**Your assignment**.
Two lines mark the range in the entries below: the one holding "奈丝写真 NO.061 小啊刀-西装&短裙&黑丝" and the one holding "1928 British 1". Set down those two and all lines between them, exactly.

**Items listed in a dataset**.
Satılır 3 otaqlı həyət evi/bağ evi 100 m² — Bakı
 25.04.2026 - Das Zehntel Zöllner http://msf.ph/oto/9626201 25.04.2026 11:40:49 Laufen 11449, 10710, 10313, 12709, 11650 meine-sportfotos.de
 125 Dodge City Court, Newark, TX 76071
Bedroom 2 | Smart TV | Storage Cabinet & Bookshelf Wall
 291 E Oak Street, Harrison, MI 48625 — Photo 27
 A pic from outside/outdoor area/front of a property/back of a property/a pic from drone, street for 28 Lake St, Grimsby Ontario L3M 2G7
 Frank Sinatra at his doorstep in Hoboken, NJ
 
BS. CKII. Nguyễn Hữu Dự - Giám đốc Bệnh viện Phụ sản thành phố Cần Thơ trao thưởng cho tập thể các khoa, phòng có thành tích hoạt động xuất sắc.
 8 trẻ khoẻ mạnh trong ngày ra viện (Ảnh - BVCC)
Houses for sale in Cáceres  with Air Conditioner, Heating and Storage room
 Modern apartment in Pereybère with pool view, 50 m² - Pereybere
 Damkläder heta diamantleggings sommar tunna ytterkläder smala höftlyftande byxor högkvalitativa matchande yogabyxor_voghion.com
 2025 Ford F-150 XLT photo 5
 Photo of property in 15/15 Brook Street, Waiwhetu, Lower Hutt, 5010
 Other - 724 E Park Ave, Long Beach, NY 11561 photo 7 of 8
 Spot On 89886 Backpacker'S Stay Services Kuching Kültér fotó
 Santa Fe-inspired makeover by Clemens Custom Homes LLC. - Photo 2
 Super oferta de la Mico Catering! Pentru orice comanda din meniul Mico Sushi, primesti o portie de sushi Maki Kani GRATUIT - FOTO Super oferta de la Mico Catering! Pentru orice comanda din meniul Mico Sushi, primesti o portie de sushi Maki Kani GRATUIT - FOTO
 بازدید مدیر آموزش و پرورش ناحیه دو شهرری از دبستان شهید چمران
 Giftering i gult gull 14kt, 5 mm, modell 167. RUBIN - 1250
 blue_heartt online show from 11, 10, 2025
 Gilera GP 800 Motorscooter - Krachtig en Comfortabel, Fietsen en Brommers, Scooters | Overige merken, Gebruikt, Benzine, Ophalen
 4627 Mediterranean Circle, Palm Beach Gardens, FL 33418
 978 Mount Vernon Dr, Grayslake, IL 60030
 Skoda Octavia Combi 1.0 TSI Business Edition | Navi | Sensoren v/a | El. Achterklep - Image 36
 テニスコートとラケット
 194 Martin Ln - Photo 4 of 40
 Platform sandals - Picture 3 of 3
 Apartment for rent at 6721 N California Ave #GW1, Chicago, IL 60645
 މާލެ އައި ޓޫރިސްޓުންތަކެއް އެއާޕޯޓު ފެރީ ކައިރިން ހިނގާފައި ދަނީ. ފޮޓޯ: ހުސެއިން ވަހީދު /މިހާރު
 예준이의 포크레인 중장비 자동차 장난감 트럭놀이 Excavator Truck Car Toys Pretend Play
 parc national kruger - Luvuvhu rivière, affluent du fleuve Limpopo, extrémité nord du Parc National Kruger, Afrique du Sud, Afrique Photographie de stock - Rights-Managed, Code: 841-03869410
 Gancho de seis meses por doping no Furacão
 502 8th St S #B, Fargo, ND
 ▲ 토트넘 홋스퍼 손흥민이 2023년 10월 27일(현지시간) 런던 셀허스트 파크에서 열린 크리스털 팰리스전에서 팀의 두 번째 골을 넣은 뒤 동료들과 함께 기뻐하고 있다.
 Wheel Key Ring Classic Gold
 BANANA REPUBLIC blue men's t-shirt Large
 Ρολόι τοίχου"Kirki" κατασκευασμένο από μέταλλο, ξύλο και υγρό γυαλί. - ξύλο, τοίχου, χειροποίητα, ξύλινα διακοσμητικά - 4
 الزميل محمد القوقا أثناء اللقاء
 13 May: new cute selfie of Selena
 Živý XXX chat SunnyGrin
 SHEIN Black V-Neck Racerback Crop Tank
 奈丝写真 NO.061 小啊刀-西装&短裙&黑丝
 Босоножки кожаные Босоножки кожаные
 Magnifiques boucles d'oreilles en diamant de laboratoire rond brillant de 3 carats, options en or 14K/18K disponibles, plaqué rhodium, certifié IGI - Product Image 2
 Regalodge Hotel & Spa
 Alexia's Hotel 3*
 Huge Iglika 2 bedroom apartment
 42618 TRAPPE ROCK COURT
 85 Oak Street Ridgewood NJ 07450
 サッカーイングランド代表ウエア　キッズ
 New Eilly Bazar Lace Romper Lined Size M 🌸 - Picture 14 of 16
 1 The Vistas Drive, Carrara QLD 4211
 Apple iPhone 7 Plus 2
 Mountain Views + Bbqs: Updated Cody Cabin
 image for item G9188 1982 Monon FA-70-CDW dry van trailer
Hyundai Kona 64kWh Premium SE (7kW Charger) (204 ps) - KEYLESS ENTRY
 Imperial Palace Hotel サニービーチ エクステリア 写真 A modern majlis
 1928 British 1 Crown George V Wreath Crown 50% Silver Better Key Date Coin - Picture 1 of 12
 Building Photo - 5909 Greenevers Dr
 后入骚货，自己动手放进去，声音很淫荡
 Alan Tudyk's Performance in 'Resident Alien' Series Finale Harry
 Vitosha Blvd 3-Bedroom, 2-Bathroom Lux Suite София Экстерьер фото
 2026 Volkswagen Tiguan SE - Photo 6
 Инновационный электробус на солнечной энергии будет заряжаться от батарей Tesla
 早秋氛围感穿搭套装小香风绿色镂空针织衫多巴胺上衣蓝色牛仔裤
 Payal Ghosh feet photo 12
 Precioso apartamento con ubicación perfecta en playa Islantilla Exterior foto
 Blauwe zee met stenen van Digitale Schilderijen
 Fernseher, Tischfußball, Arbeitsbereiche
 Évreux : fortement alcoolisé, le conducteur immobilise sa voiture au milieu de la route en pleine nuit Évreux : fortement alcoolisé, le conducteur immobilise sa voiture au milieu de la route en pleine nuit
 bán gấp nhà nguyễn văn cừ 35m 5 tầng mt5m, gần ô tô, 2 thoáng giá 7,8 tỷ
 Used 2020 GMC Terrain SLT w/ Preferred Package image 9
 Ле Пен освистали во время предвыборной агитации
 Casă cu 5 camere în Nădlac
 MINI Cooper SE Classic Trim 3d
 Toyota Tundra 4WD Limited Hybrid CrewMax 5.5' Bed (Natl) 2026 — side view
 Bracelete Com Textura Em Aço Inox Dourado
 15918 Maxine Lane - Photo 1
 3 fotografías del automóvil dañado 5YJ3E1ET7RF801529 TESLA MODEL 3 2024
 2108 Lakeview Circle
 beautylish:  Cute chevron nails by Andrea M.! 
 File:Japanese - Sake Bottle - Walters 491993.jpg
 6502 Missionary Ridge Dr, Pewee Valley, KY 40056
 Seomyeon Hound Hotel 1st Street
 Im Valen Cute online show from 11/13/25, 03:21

**Reply**.
 奈丝写真 NO.061 小啊刀-西装&短裙&黑丝
 Босоножки кожаные Босоножки кожаные
 Magnifiques boucles d'oreilles en diamant de laboratoire rond brillant de 3 carats, options en or 14K/18K disponibles, plaqué rhodium, certifié IGI - Product Image 2
 Regalodge Hotel & Spa
 Alexia's Hotel 3*
 Huge Iglika 2 bedroom apartment
 42618 TRAPPE ROCK COURT
 85 Oak Street Ridgewood NJ 07450
 サッカーイングランド代表ウエア　キッズ
 New Eilly Bazar Lace Romper Lined Size M 🌸 - Picture 14 of 16
 1 The Vistas Drive, Carrara QLD 4211
 Apple iPhone 7 Plus 2
 Mountain Views + Bbqs: Updated Cody Cabin
 image for item G9188 1982 Monon FA-70-CDW dry van trailer
Hyundai Kona 64kWh Premium SE (7kW Charger) (204 ps) - KEYLESS ENTRY
 Imperial Palace Hotel サニービーチ エクステリア 写真 A modern majlis
 1928 British 1 Crown George V Wreath Crown 50% Silver Better Key Date Coin - Picture 1 of 12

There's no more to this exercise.